Für Trendteam gilt in Bezug auf das Auftragsvolumen das Gegenteil, allerdings haben wir auch keinen einzigen Lieferanten im Osten des Landes: Auf ausdrücklichen Wunsch unserer Industriepartner haben wir unsere Bestellungen aufrechterhalten und sogar noch zusätzliche Order platziert. Einerseits weil wir Solidarität demonstrieren wollen, andererseits weil wir von der Leistungsfähigkeit unserer ukrainischen Partner überzeugt sind. Deshalb haben wir vorsorglich sogar zusätzlichen Lagerplatz in unserem polnischen Zentrallager angemietet und sind heute zu fast 100 Prozent lieferfähig. Durch die zusätzlichen Bestellungen und Lieferungen können wir diesen Status hoffentlich auch für die kommenden Monate absichern, sofern sich die Lage nicht verschlechtert.

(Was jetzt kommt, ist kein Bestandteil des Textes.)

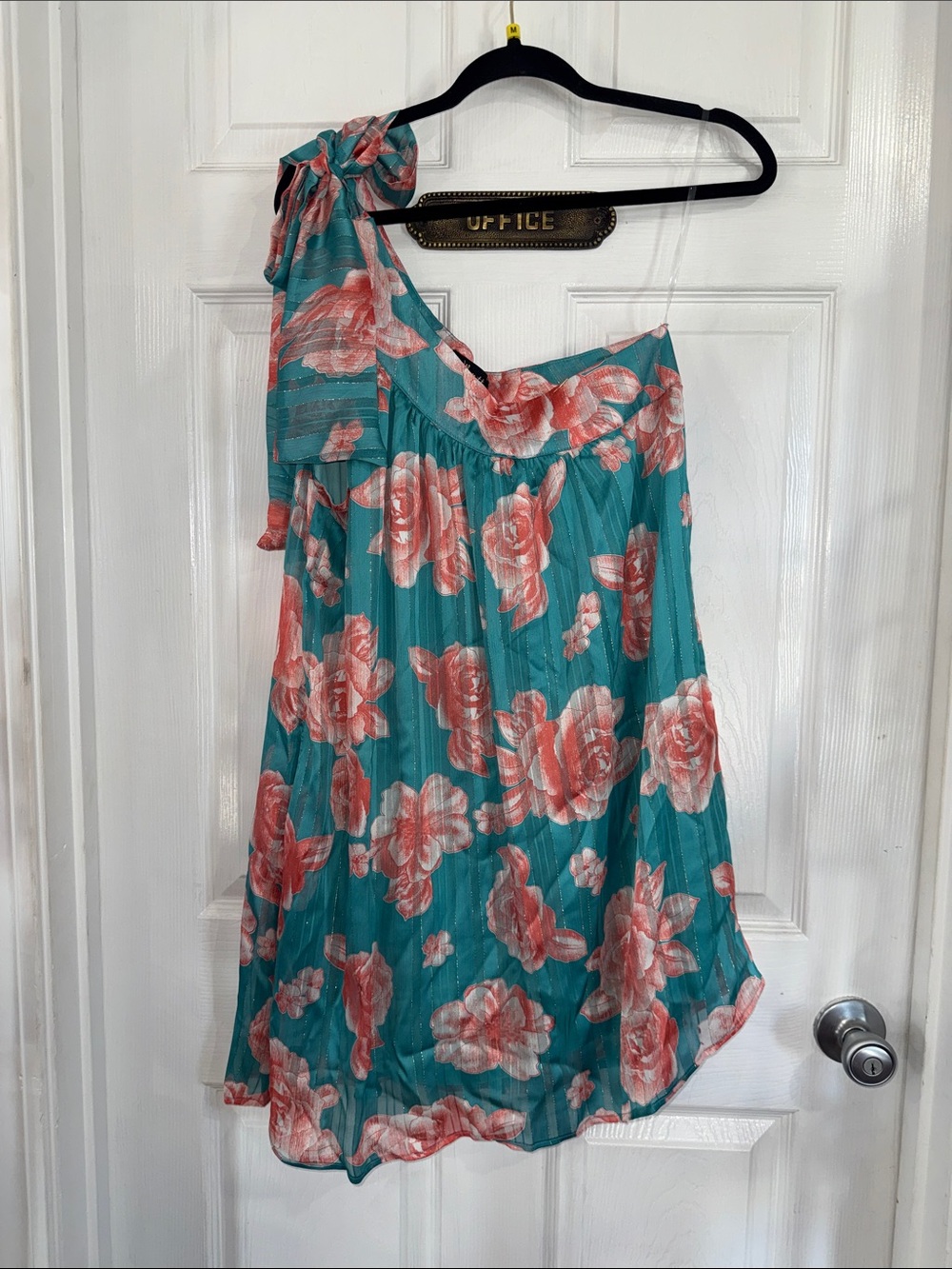 One-Shoulder Teal Floral Dress with Coral Roses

In Bezug auf die Arbeitskräfte ist der Westen erneut im Vorteil: Schätzungsweise 3 Mio ukrainische Flüchtlinge sind ins Ausland geflohen. Die Zahl der Binnenvertriebenen ist nicht bekannt, aber Schätzungen belaufen sich auf mehrere Millionen – allein 2 Mio Menschen haben Kiew verlassen, und mehr als 600.000 Charkiw. Der Aderlass ist im Osten und dem Westen des Landes also sehr unterschiedlich.
Zudem versucht die ukrainische Regierung mit einer Reduzierung der Mehrwertsteuer, die Wirtschaft – insbesondere die exportabhängige Industrie – anzukurbeln. Ein fixer Umrechnungskurs von Euro in ukrainische Hrywen wirkt ebenfalls stabilisierend. Ebenfalls positiv für die Lage in der Westukraine wirkt sich die laufende Produktion von Kronospan aus. Der Spanplattenhersteller liefert weiter an die örtlichen Werke, lediglich der Bezug von FSC-zertifizierten Spanplatten ist zunehmend limitiert. Insgesamt ist es aufgrund der beschriebenen Situation bei unseren Partnern somit aber nicht zum befürchteten Produktionseinbruch gekommen und wir können weiterhin eine achtwöchige Lieferzeit für Möbel made in Ukraine ermöglichen.
Allerdings ist der weitere Verlauf des Krieges unberechenbar. Das zeigt sich jetzt schon daran, dass wir Warenkontrolleure aus den Werken abziehen mussten. Sie prüfen die Ware nun mit dem Eingang im Zentrallager in Polen. Lediglich ein Notdienst ist in der Ukraine noch vor Ort, um insbesondere neue Ware zu kontrollieren. Aber selbst das gestaltet sich zunehmend schwierig, weil das Benzin in dem Kriegsland sanktioniert und die Mobilität somit stark eingeschränkt wird. Der Hintergrund ist besorgniserregend: Etwa zwei Drittel der Benzin- und Dieselimporte stammten aus Weißrussland und Russland; diese Lieferungen sind derzeit gestoppt.
Da nicht abzusehen ist, ob sich die Prozesse wie beschrieben aufrechterhalten lassen, werden wir deshalb zukünftig neben der Ukraine und dem Hauptlieferland Polen noch weitere internationale Bezugsquellen erschließen (müssen).